<<<<

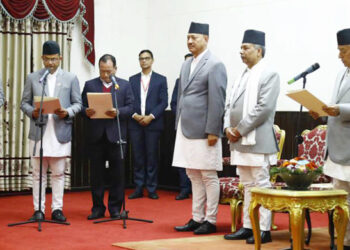 मन्त्रिपरिषद पुनर्गठन, तीन मन्त्रीले लिए शपथ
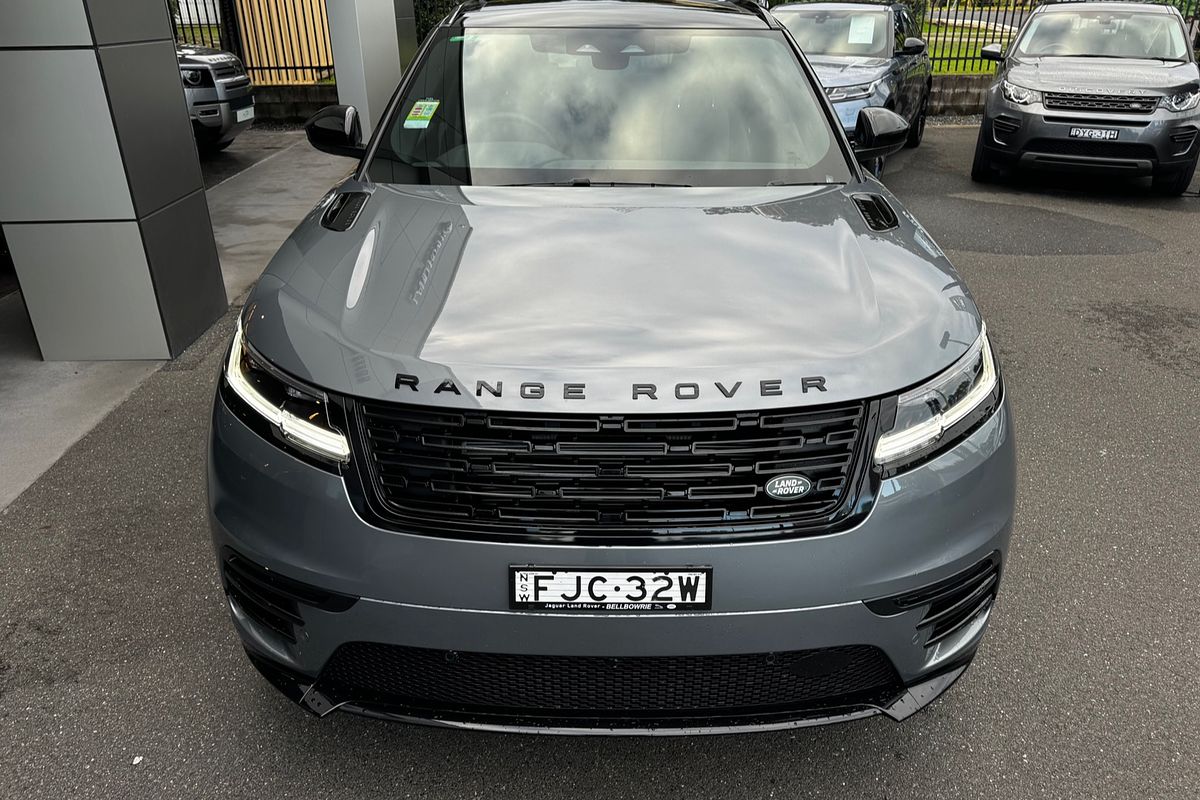 2023 Land Rover Range Rover Velar P250 Dynamic SE L560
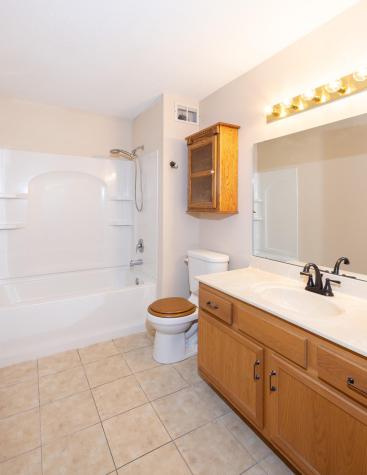 4780 10th Avenue S Fargo ND 58103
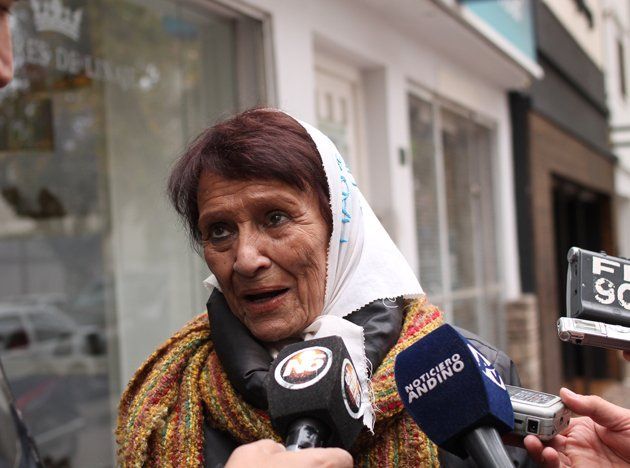 Taty Almeida, integrante Madres de Plaza de Mayo Línea Fundadora. Taty Almeida, integrante Madres de Plaza de Mayo Línea Fundadora.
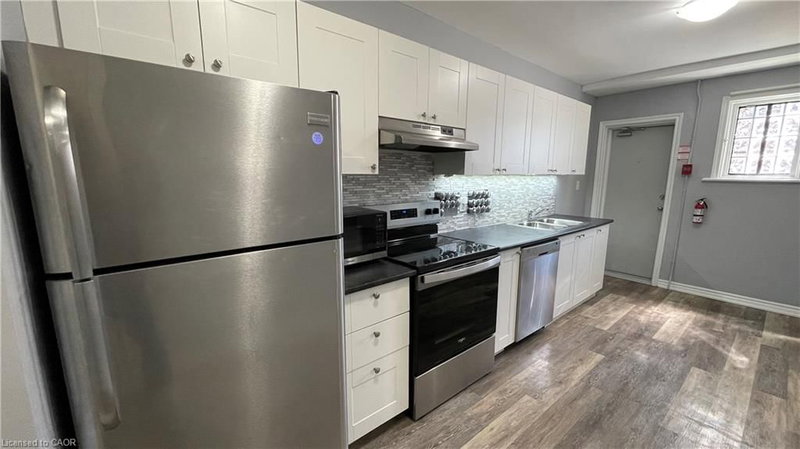 15 - 468 Main Street E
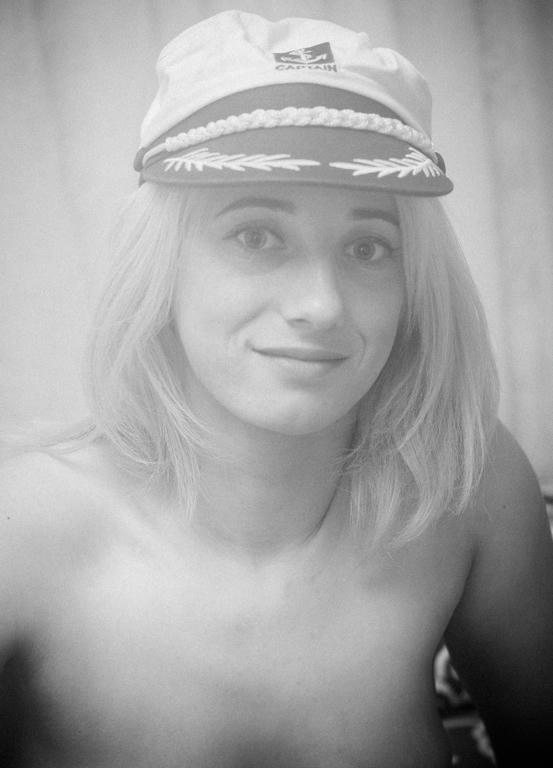 IMAGE: https://www.mediafire.com/convkey/49e5/z6yj3090g06othz6g.jpg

>>>>

* To do
None of the pictures should be reproduced; all other material above must be set down exactly.

* The completed task
 मन्त्रिपरिषद पुनर्गठन, तीन मन्त्रीले लिए शपथ
 2023 Land Rover Range Rover Velar P250 Dynamic SE L560
 4780 10th Avenue S Fargo ND 58103
 Taty Almeida, integrante Madres de Plaza de Mayo Línea Fundadora. Taty Almeida, integrante Madres de Plaza de Mayo Línea Fundadora.
 15 - 468 Main Street E
 IMAGE: https://www.mediafire.com/convkey/49e5/z6yj3090g06othz6g.jpg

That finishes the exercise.